However, the Mark VI DTCS did not function as expected, after one of its auctioneered power supplies was reenergized when EDG 1B repowered Bus 14. This unexpected action led to the closure of the TCVs, the TSVs, and the CIVs due to loss of power to valve controls, without generating a turbine trip signal, which resulted in a significant reduction of steam flow and a high reactor pressure. Within 6 seconds after the EDG 1B output breaker closed, the high pressure RPS signal opened the reactor trip breakers and tripped the turbine and both PORVs opened limiting the reactor pressure increase.

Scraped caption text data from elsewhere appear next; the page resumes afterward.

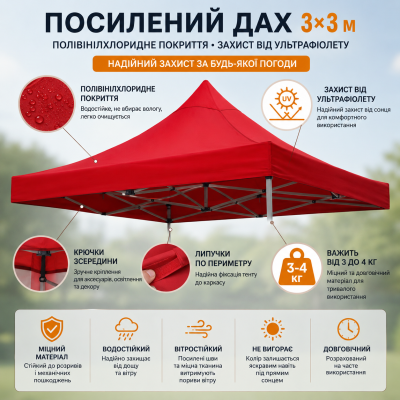 Посилений дах 3×3 м для торгового розсувного намету-гармошка Oxford 600D ЧЕРВОНА №0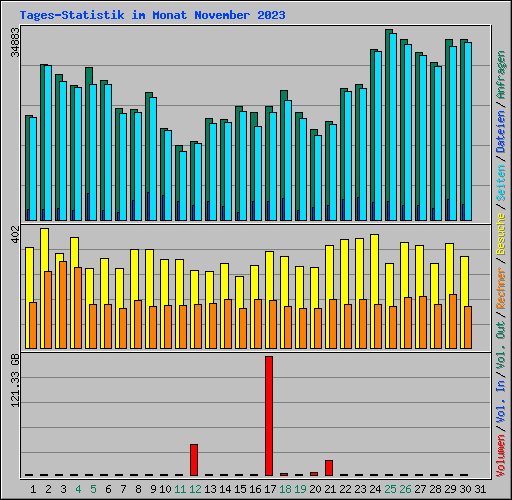 Tages-Statistik im Monat November 2023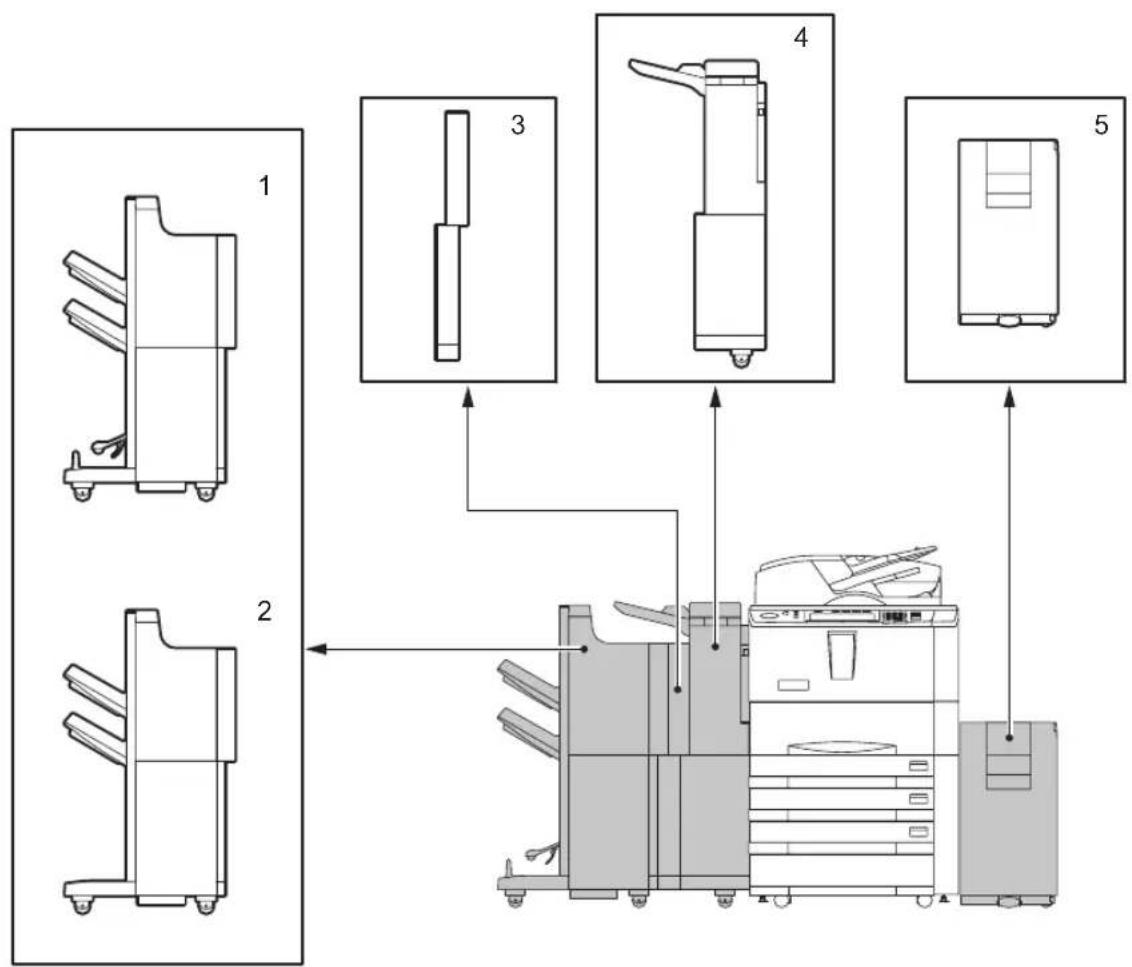 TOSHIBA E-Studio 720 - Hauptkomponenten - 2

The PORVs reclosed and the TBVs and ADVs automatically operated to control RCS temperature and pressure. The operators subsequently noted that a high pressurizer safety valve tail pipe temperature and quench tank conditions indicated a relatively small valve seat leak (See Section 4.b below). All other safety-related and risk significant equipment operated as designed.

Unit 2:

Unit 2 tripped as expected from the loss of power from Service Bus 21. Loss of power to the associated non-safety busses resulted in de-energizing the control rod motor generator set power supplies and non-safety balance of plant equipment which included loss of the circulating water, condensate, and condensate booster pumps. The RPS UV and turbine trip signals occurred properly. Bus 24 was repowered from its associated EDG 2B. The TBVs and ADVs automatically operated to control reactor temperature and pressure and auxiliary feedwater (AFW) actuated to provide feedwater to the SGs.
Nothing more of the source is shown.